Last night James and I flew into Las Vegas from San Francisco. From Oracle to Adobe.
The folks at Max, as you might imagine, are a much more hip in their dress. The conference bag was the coolest I’ve gotten so far: the Army surplus style, but fitted out to work with laptops. I feel like quite the fashion-idiot in my business casual attire. James, on the other hand smartly dressed plain old casual casual.
C.R.E.A.M.y Adobe
The general session this morning was all about Flash, esp. Flash on mobile. The theme was very strong on “this is how you guys can make money with Flash.” As ever, every where but the US is fully geared up when it comes a mobile-platform. It’s just now — thanks to Verizon and Brew — that the Flash community can make money in the US market with mobile games and other Get it Now! apps.
I’m not really hip to paying a few bucks on my phone to play games. Indeed, being a Verizon customer I’m continually annoyed at how closed and locked down the razr I have is. Bluetooth works for getting pictures off it and synching with iSync, but I can’t get the awesomeness of things like Sailing Clicker. Well, maybe I could if I wanted to layout a few bucks each time I used.
The open and free world of the web that I usually have my head stuck in has spoiled me. Indeed…as I wrote in my notes, “clearly, they’re not JavaME fans.”
That said, if I were a Flash/Flex developer looking to pay the bills, I’d have been quite happy to hear that Adobe’s helping me make more money.
Though, to steal one of James’ great responses, they could have just gone with one slide for that part: YouTube.
The Adobe Web
The web experience has not caught up today’s technology.
–Bruce Chizen
Speaking of the web, this morning as I we were watching several Flash demos and RIA driven apps on the web — like VW’s highly interactive, check out the GTI site or Wharton’s Auction site — I’ve come to realize I’m something of a web bigot. To cut to the chase: the growing Flash/Flex/Apollo RIA reach rankles me.
It seems like a direct threat to the web.

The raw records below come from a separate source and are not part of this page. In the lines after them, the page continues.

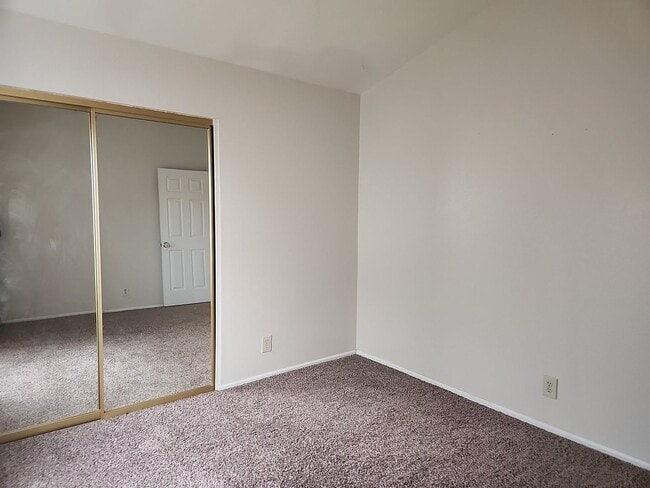 Building Photo - ?4 Bed / 2 Bath Single Level Gilbert Home with vaulted Ceilings *New Paint*?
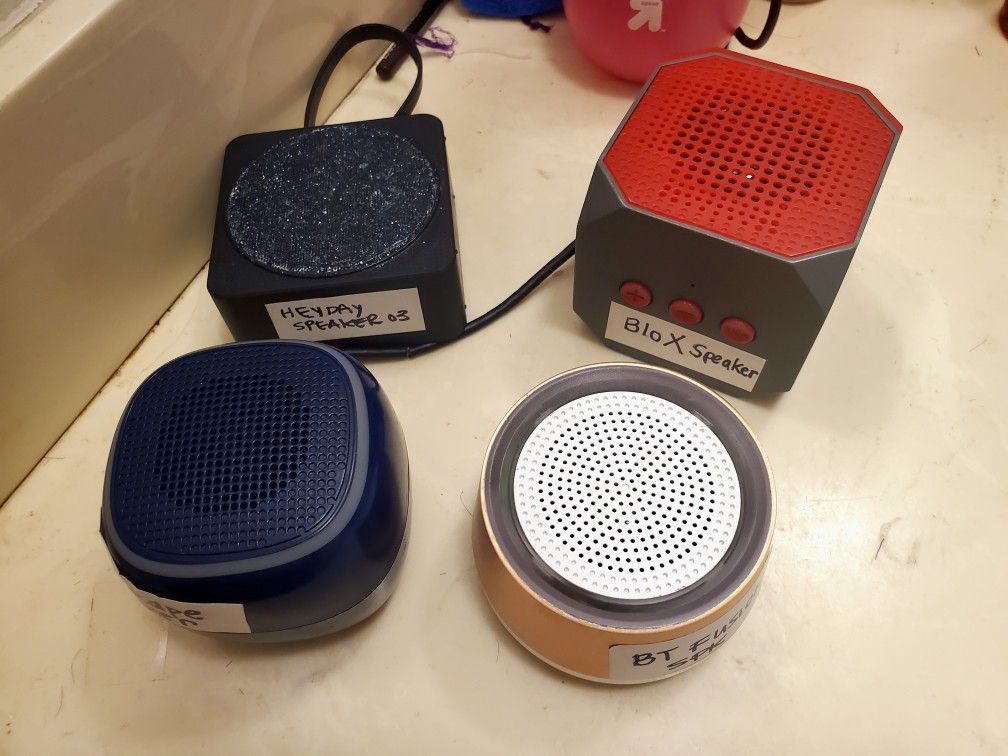 Wireless Bluetooth Speaker 🔊  Compact Speakers $25 Each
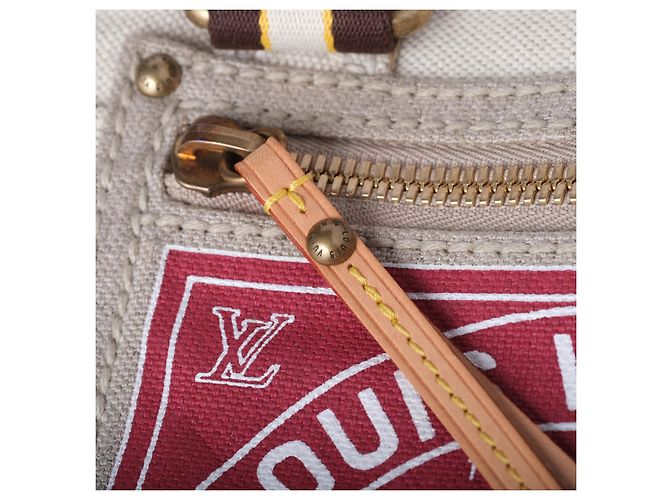 Borsa Cabas Pm Globe in tela rossa Louis Vuitton Beige - vista 3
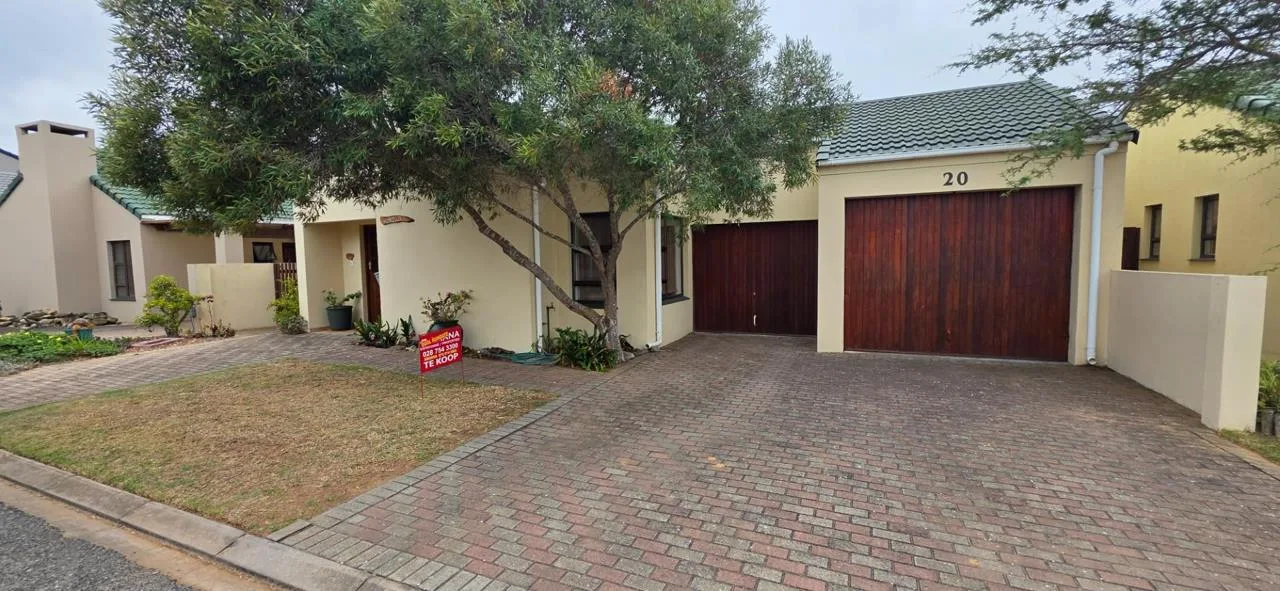 3 Bedroom House for sale in Stilbaai Wes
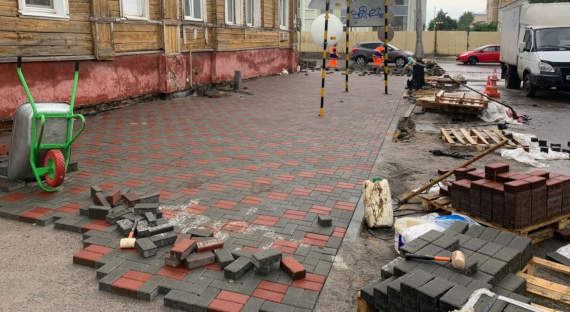 Рабочие в Кемерово разобрали тротуар в знак протеста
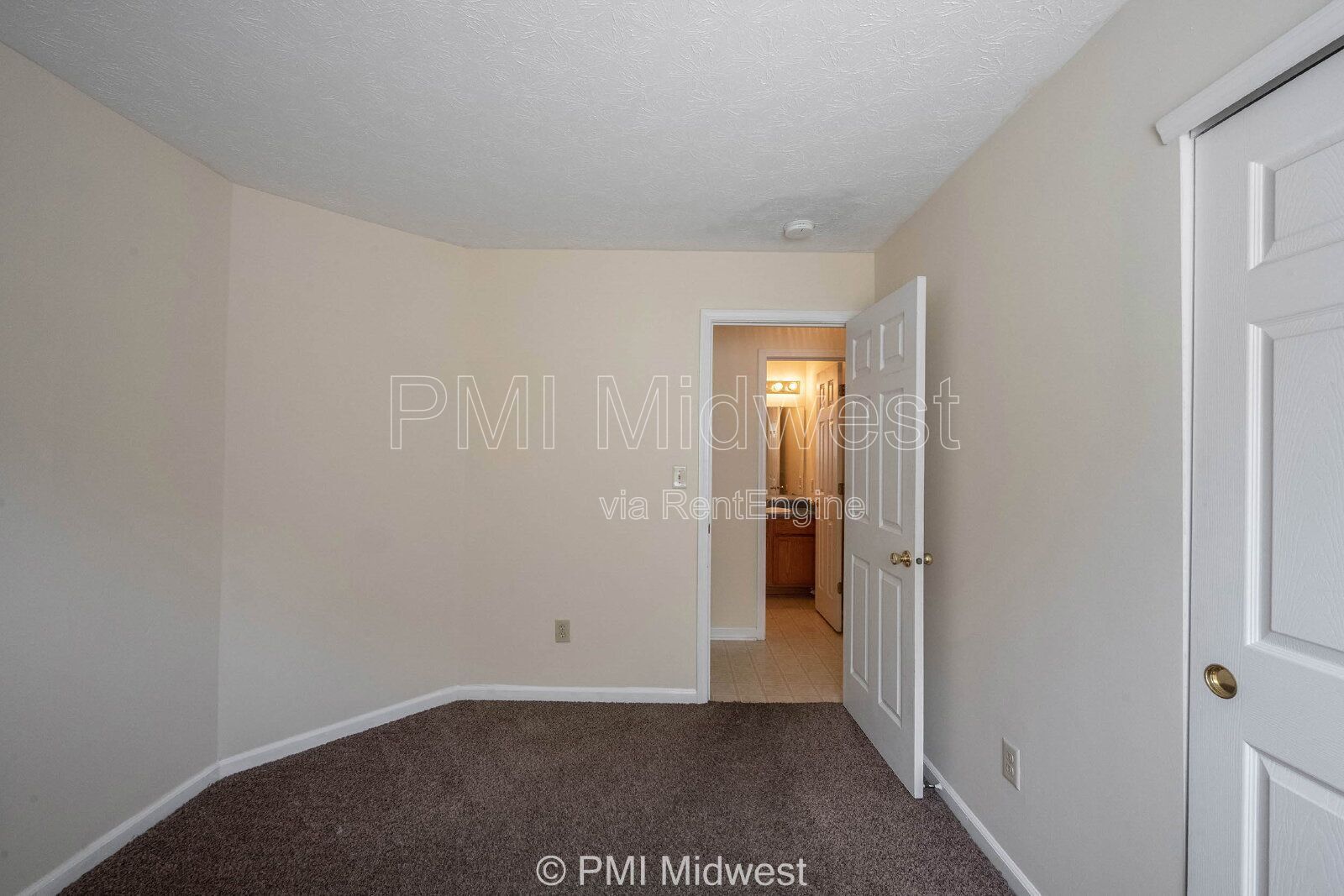 Building Photo - 5834 Long Ridge Pl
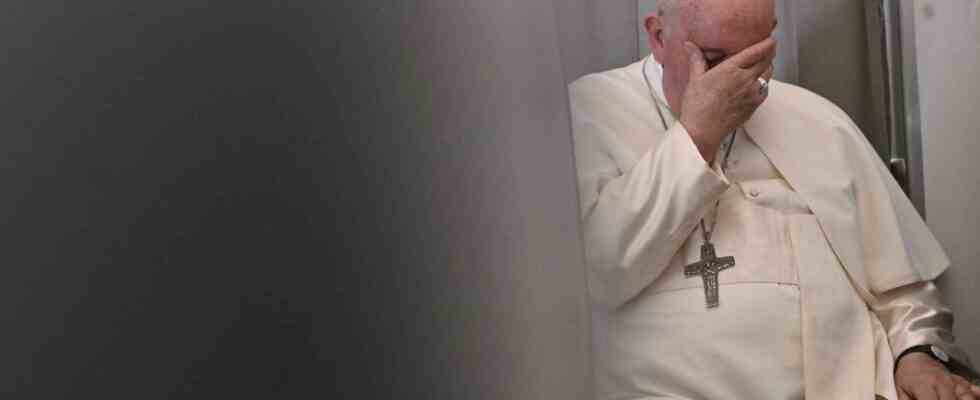 Le pape Francois dit que la mort de Benoit XVI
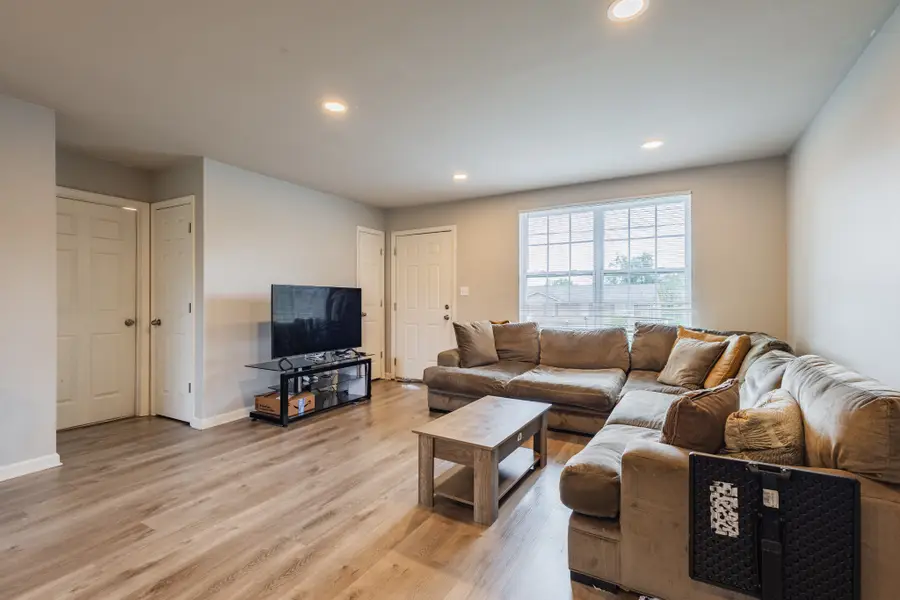 248 Walnut Crest Dr, Gallatin, TN 37066 - Image #2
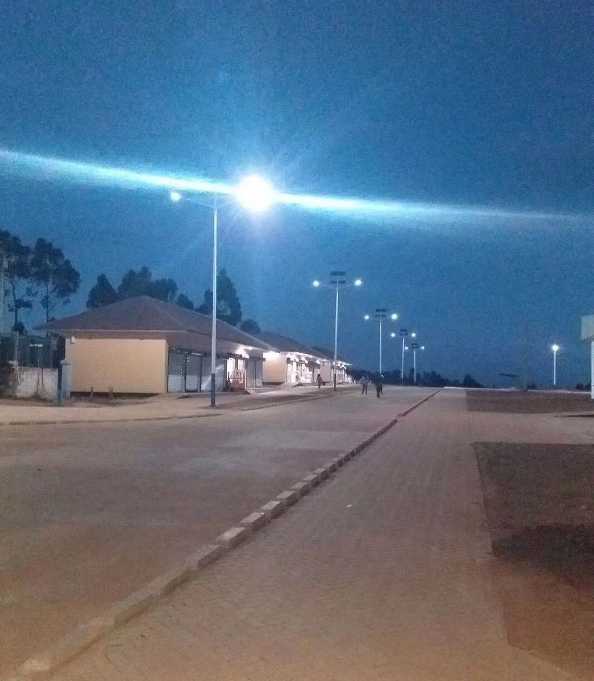 丽水市非洲科特迪瓦太阳能路灯工程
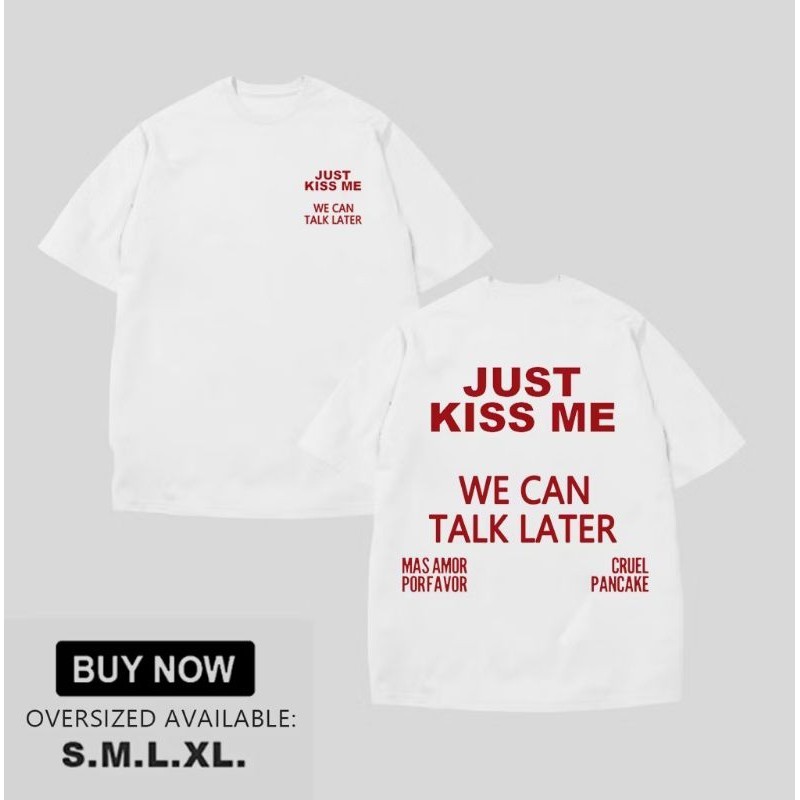 Just Kiss Me back to back logo พิมพ์แรงบันดาลใจเสื้อยืด unisex คุณภาพสูง-da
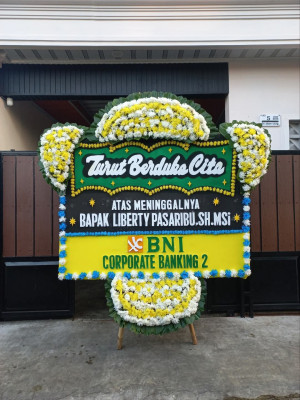 Papan Bunga Duka di Pemurus Luar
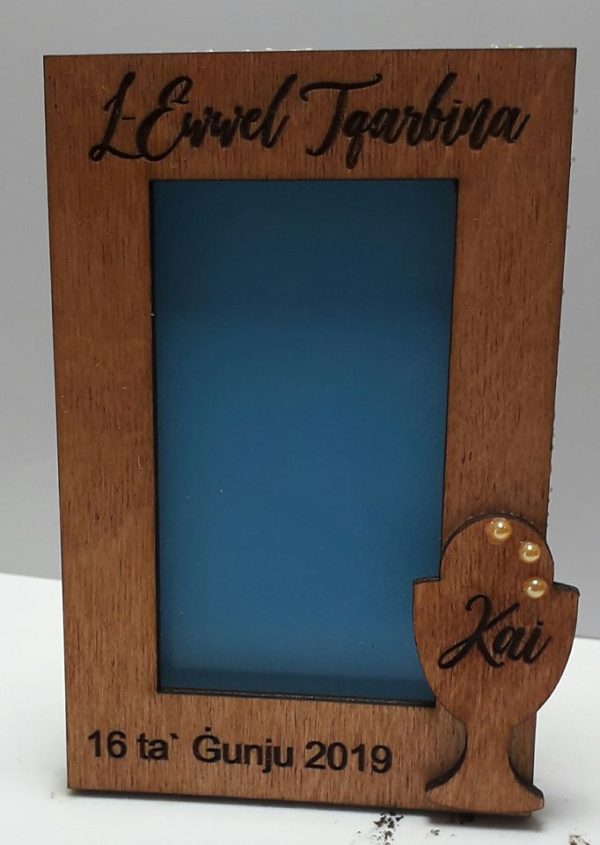 L-ewwel Tqarbina Wooden Frame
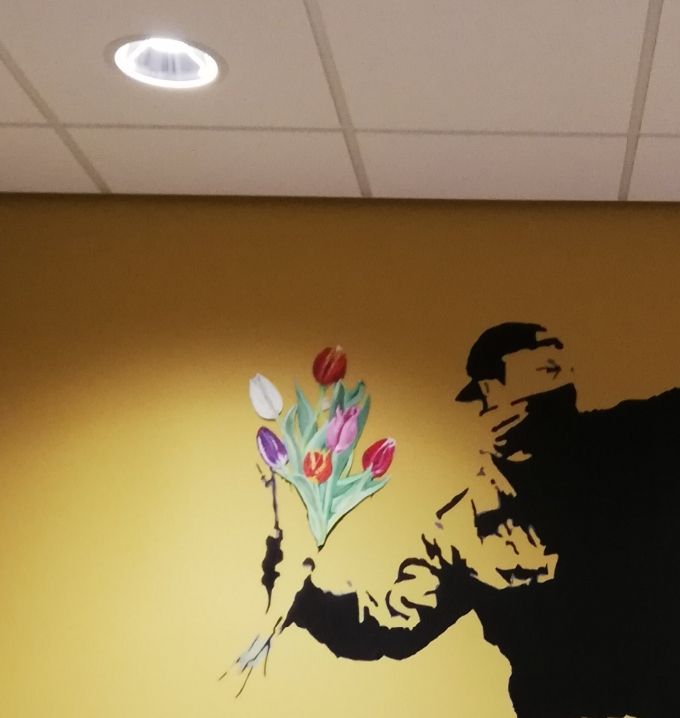 Banksy by inge  1.50 bij 2.0 meter in acryl op een muur.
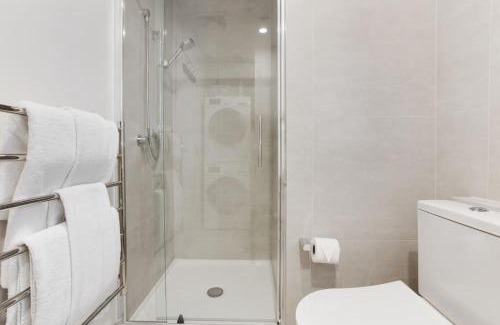 Parnell Apartment | Augustus Hideaway Studio Apt with Air-Con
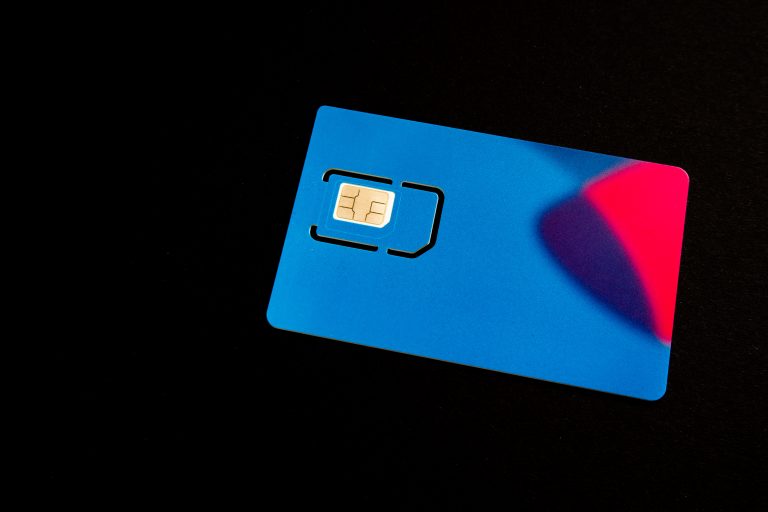 blauwe simkaart zwarte achtergrond-share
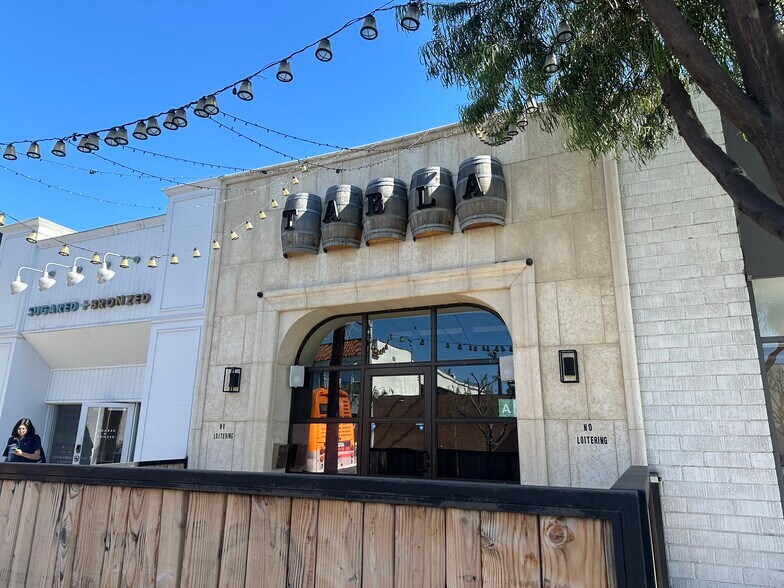 More Photos Of 8108 W 3rd St, Los Angeles Freestanding For Lease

The path that I’ve seen Adobe going down is creating their own networked platform. As I think of it “the web without all that web.” Instead of using the web, you’d use the Adobe client, be it Acrobat to edit forms or one of the RIA clients, or, at least, an HTML page with an embedded Adobe RIA.
There is no single vendor that’s created and provides the platform of the web: as you may recall, Netscape and IE tried the proprietary lock-in gambit. And then were were Java applets, ActiveX, and all manner of other end-routes around plain old HTML. In the end, no vendor or approach has been able to shove the web off into a corner and treat it just a back-end.
Can Adobe pull off the never-dying vendor dream of establishing their own version of the web?
You can probably figure out my answer to that question. Working against the web — and treating it just as a back-end to pull data from to fuel proprietary RIA’s — is like marching your armies into a Russian winter: a decision everyone knows is ill-fated, but leaders keep doing over and over again.
Is Adobe trying to fork the web? Or will Adobe catch up with the web? Those are the two sides of the hypothesis I’ll be testing out.
Disclaimer: Adobe has paid my way and stay to MAX, and, they’re a client.
Tags: adobe, adobemax06, apollo, closed, flash, flex, max, ria, web
Miguel called that earliest, I think:
Miguel: "A few years ago, before the Ajax revolution, it was to me pretty clear that Flash based frameworks and Avalon would pose a real threat to the web as we know it."
Resist at all costs … reducing the web to a captive client is the "application" equivalent of revoking habeas corpus, or allowing the telcos to control the "pipes".